ACTIVITY> Would you repeat each line below exactly, without the pictures?
GIVEN INFORMATION Block Start
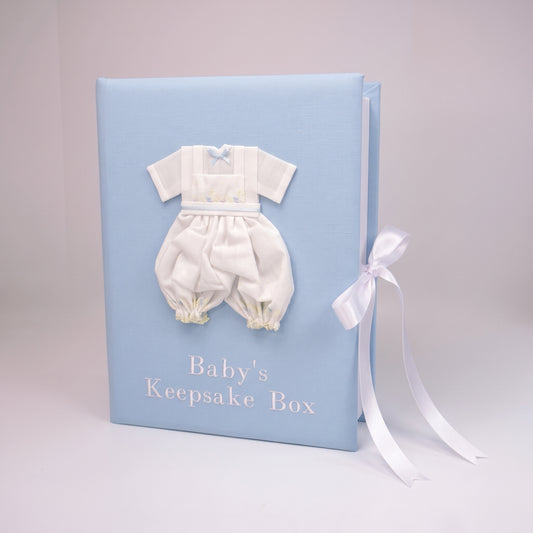 Swiss Batiste Jumper with Flowers on Piqué Cotton – Medium Baby Keepsake Box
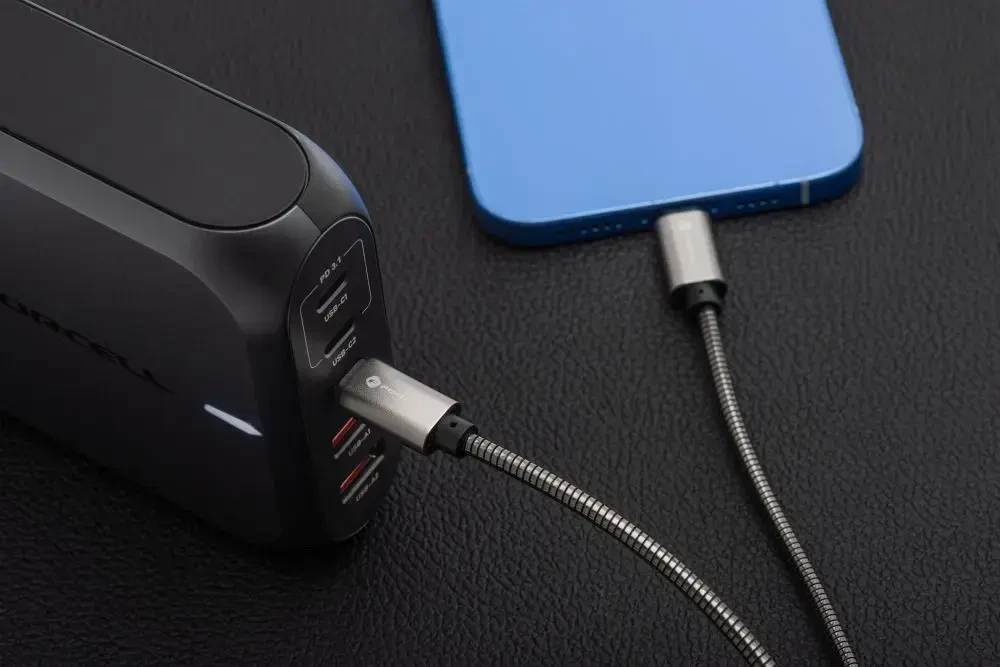 USB C - Lightning laidas Forcell F-Energy PD 3A 27W metalinis 1 m C238 sidabrinis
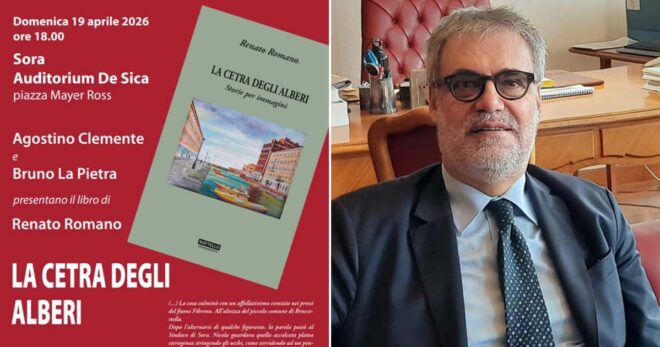 Sora: domenica 19 aprile all’auditorium “De Sica” presentazione del libro “La cetra degli alberi” di Renato Romano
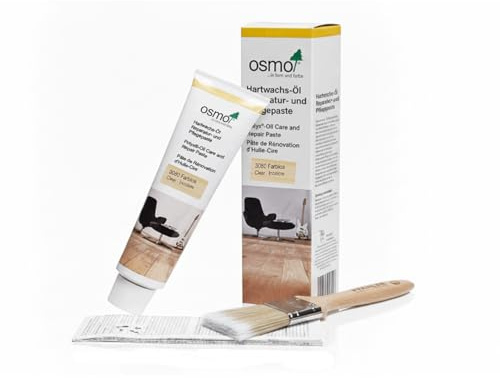 Osmo Hartwachs Öl Reparatur und Pflegepaste 3080 Farblos Öl Wachs Kombination zur Ausbesserung von Holzoberflächen Möbel Fußböden Treppen OSB Kork 75 g + Flächenstreicher Pinsel von Pfahler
GIVEN INFORMATION Block End
SOLUTION TO THIS TASK>
 Swiss Batiste Jumper with Flowers on Piqué Cotton – Medium Baby Keepsake Box
 USB C - Lightning laidas Forcell F-Energy PD 3A 27W metalinis 1 m C238 sidabrinis
 Sora: domenica 19 aprile all’auditorium “De Sica” presentazione del libro “La cetra degli alberi” di Renato Romano
 Osmo Hartwachs Öl Reparatur und Pflegepaste 3080 Farblos Öl Wachs Kombination zur Ausbesserung von Holzoberflächen Möbel Fußböden Treppen OSB Kork 75 g + Flächenstreicher Pinsel von Pfahler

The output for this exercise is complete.